Finances : retour vers le futur

Par Harold James  |   |  702  mots
Par Harold James
, professeur d'histoire et d'affaires 
internationales à l'université de Princeton.

L'ancien patron de la Réserve fédérale, Paul Volcker, a largement inspiré la proposition du président Obama pour restructurer le secteur bancaire. Sans nul doute le plus brillant directeur de banque centrale du XXème siècle, ?Volcker s'est exprimé très tôt et de manière répétée sur les problèmes de ce qu'il a appelé "le tout nouveau système financier". Mais Volcker a aussi fortement critiqué les dangers de la volatilité des monnaies. Quel est le lien entre la nostalgie d'un secteur bancaire simplifié et moins risqué et le désir de réintroduire un système monétaire qui semble aussi être une relique du passé ?

Avant même qu'Obama ne fasse son annonce le 21 janvier dernier, l'éventualité de raviver les réglementations bancaires en vigueur dans les années 1930 provoquait déjà de vifs débats. Les propositions pour ce que l'on appelle désormais la "règle Volcker" - qui interdirait les activités pour compte propre et inciterait les banques à ne pas "posséder, investir ou sponsoriser" des fonds spéculatifs ou des fonds de capital-investissement - sont une version réactualisée du Glass-Steagall Act, une loi votée aux Etats-Unis, en 1933, pour séparer les banques d'investissement et les banques commerciales.

Plusieurs pays avaient cette volonté de limiter les activités bancaires. En Belgique, où la première banque universelle fut établie au début du XIXème siècle, les banques d'investissement et les banques commerciales étaient aussi séparées. En Italie, les banques n'avaient pas le droit de posséder des parts dans des entreprises industrielles.

L'argument n'était pas tant sur le fait que les banques étaient "trop importantes pour faire faillite", mais plutôt d'apporter une réponse au fait que les banques avaient fourni des conseils tronqués à leurs clients. Les banques d'investissement avaient vendu des parts et des titres à leurs clients particuliers, se sont déchargées de leur propre risque, et se sont versé de substantiels honoraires au passage. Puis, tout comme aujourd'hui, beaucoup ont exigé un châtiment à l'encontre des banques et des banquiers. Mais ils voulaient aussi que les banques participent davantage au financement d'investissements nationaux et industriels.
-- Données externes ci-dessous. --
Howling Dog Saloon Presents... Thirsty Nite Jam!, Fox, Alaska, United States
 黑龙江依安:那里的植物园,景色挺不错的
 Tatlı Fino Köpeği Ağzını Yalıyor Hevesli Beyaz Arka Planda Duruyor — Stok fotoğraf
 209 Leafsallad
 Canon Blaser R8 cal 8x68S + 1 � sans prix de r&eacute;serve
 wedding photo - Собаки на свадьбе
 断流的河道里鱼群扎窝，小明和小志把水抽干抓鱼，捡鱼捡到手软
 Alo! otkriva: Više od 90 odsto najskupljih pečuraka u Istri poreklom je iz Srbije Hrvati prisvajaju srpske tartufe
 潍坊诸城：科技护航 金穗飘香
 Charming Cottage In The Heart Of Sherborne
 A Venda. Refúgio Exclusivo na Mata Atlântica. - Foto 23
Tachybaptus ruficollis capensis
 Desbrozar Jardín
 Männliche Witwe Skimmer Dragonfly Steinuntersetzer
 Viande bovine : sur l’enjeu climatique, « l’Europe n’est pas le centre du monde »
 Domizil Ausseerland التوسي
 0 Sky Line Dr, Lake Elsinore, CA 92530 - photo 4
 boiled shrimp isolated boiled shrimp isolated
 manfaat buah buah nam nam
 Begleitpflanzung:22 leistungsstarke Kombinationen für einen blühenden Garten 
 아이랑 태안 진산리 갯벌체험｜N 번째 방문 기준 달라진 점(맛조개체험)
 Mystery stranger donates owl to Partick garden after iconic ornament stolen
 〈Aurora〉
Les réformes bancaires ont, en effet, généralement infligé une punition aux banques, mais n'ont pas réussi à relancer de nouveaux crédits bancaires.

Le débat actuel est moins sur les dangers auxquels les banques exposent leurs clients que sur les risques qu'elles entraînent pour les contribuables. Les activités pour compte propre étaient justifiées, non pas pour les énormes profits que les banques en ont tiré, mais parce qu'elles étaient supposées créer des marchés et apporter des liquidités pour des instruments peu échangés. Les banques ont donc mis en place ce qui, dans les faits, est leurs propres marchés de substitution, permettant ainsi à leurs clients et à elles-mêmes de fixer un prix à des instruments qui n'auraient pas pu autrement être évalués. Les énormes profits étaient supposés être la récompense pour avoir fourni un service public.

De telles grandes banques sont utiles, car les acteurs plus petits ne peuvent pas à eux seuls constituer un marché. Les grandes banques sont aussi des acteurs importants sur les marchés monétaires internationaux, et accumulent des positions de change fortes à la fois entre leurs filiales et sur une base consolidée.

Si les banques modernes sont trop importantes et trop dangereuses parce qu'elles sont trop vulnérables, la façon la plus évidente de les rendre plus sûres est d'exiger d'elles des montants de fonds propres plus élevés. Mais, malheureusement, la manière la plus évidente pour les banques d'augmenter leurs ratios de capital est de restreindre leur crédit. En période de récession économique, c'est la dernière chose dont les entreprises ont besoin ou qu'elles désirent. La nouvelle réponse apportée à ce dilemme est de légiférer sur les activités qui doivent être totalement supprimées. L'espoir étant qu'en recentrant ainsi les activités financières, on encouragera d'autres types de crédits.